Walter Garland Streett (February 1, 1868 – June 11, 1932) was an American politician and lawyer from Arkansas. He served in the Arkansas House of Representatives.

==Early life==
Walter Garland Streett was born on February 1, 1868, in Lake Village, Arkansas, as one of three sons to Julia (née Reid) and William B. Streett. His father was a major in the Confederate Army and a lawyer. He attended public schools and graduated from Christian Brothers College in Memphis, Tennessee, in 1886 with a Bachelor of Arts. He then took a two year classical course at Georgetown University. He studied law in his father's Lake Village office and was admitted to the bar of the state supreme court in May 1889.

==Career==
Streett was law partners with his father until 1893. He then moved to Pine Bluff and started a partnership with Hercules King Cannon White. In 1899, he left the partnership following the death of Streett's father.

In 1897, Streett was elected to represent Jefferson County in the Arkansas House of Representatives. He served as judge of Chicot County for one term.

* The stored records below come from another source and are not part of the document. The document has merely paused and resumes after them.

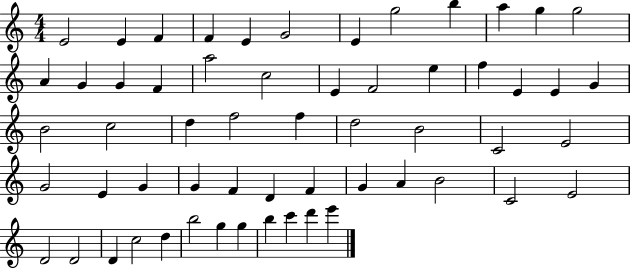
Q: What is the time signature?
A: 4/4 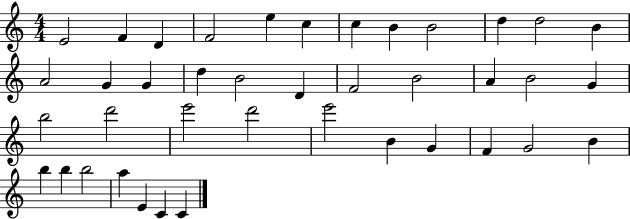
{
  \clef treble
  \numericTimeSignature
  \time 4/4
  \key c \major
  e'2 f'4 d'4 | f'2 e''4 c''4 | c''4 b'4 b'2 | d''4 d''2 b'4 | \break a'2 g'4 g'4 | d''4 b'2 d'4 | f'2 b'2 | a'4 b'2 g'4 | \break b''2 d'''2 | e'''2 d'''2 | e'''2 b'4 g'4 | f'4 g'2 b'4 | \break b''4 b''4 b''2 | a''4 e'4 c'4 c'4 | \bar "|."
} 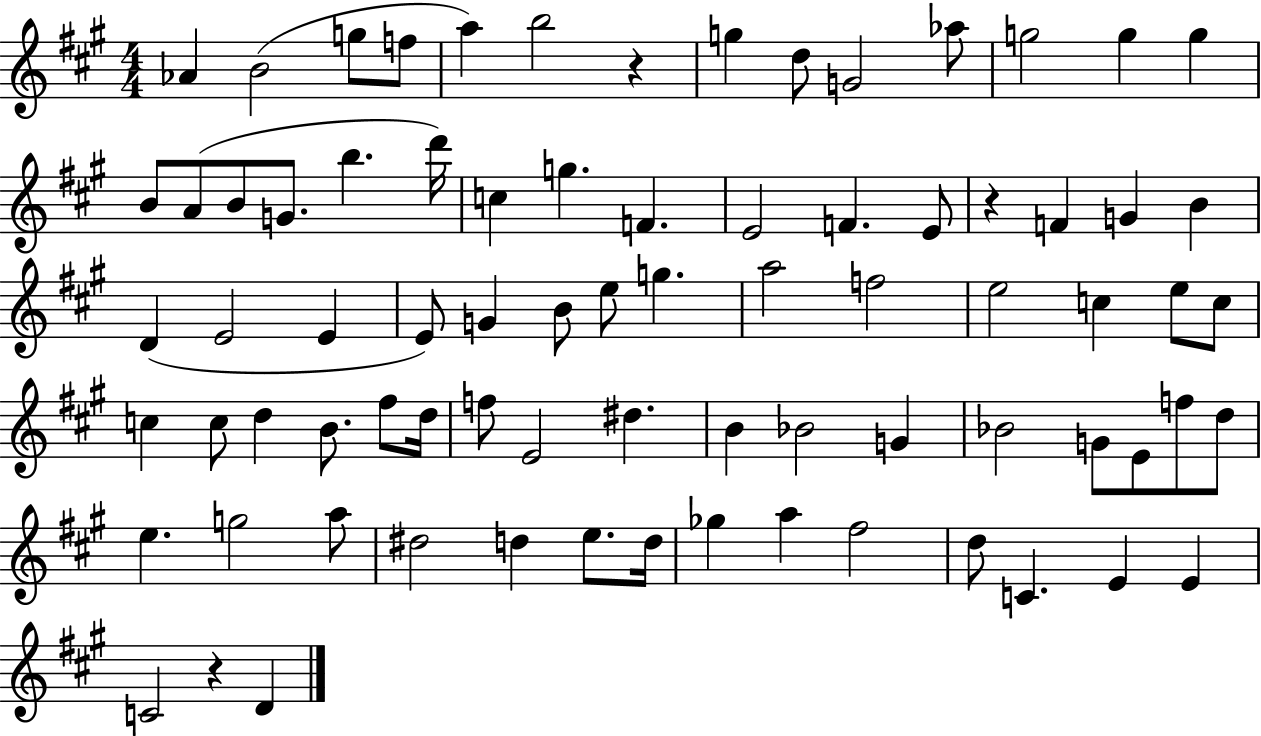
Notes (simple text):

Ab4/q B4/h G5/e F5/e A5/q B5/h R/q G5/q D5/e G4/h Ab5/e G5/h G5/q G5/q B4/e A4/e B4/e G4/e. B5/q. D6/s C5/q G5/q. F4/q. E4/h F4/q. E4/e R/q F4/q G4/q B4/q D4/q E4/h E4/q E4/e G4/q B4/e E5/e G5/q. A5/h F5/h E5/h C5/q E5/e C5/e C5/q C5/e D5/q B4/e. F#5/e D5/s F5/e E4/h D#5/q. B4/q Bb4/h G4/q Bb4/h G4/e E4/e F5/e D5/e E5/q. G5/h A5/e D#5/h D5/q E5/e. D5/s Gb5/q A5/q F#5/h D5/e C4/q. E4/q E4/q C4/h R/q D4/q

Streett was affiliated in practicing law with Smith C. Martin. In December 1898, he formed the law firm Foster & Streett with H. R. C. Foster. Streett was senior member of the law firm Streett, Burnside & Streett of Lake Village, Eudora, and Camden. In his later years, he was active in obtaining levee relief from the government.

==Personal life==
Streett married Woodie Johnson, daughter of J. B. Johnson and granddaughter of Hermon Carlton, of Pine Bluff on June 23, 1897. They had five children, Bruce, Duval, William B., Patricia, and Julia.

Streett died on June 11, 1932, at his home in Eudora. He was buried in a cemetery in Lake Village.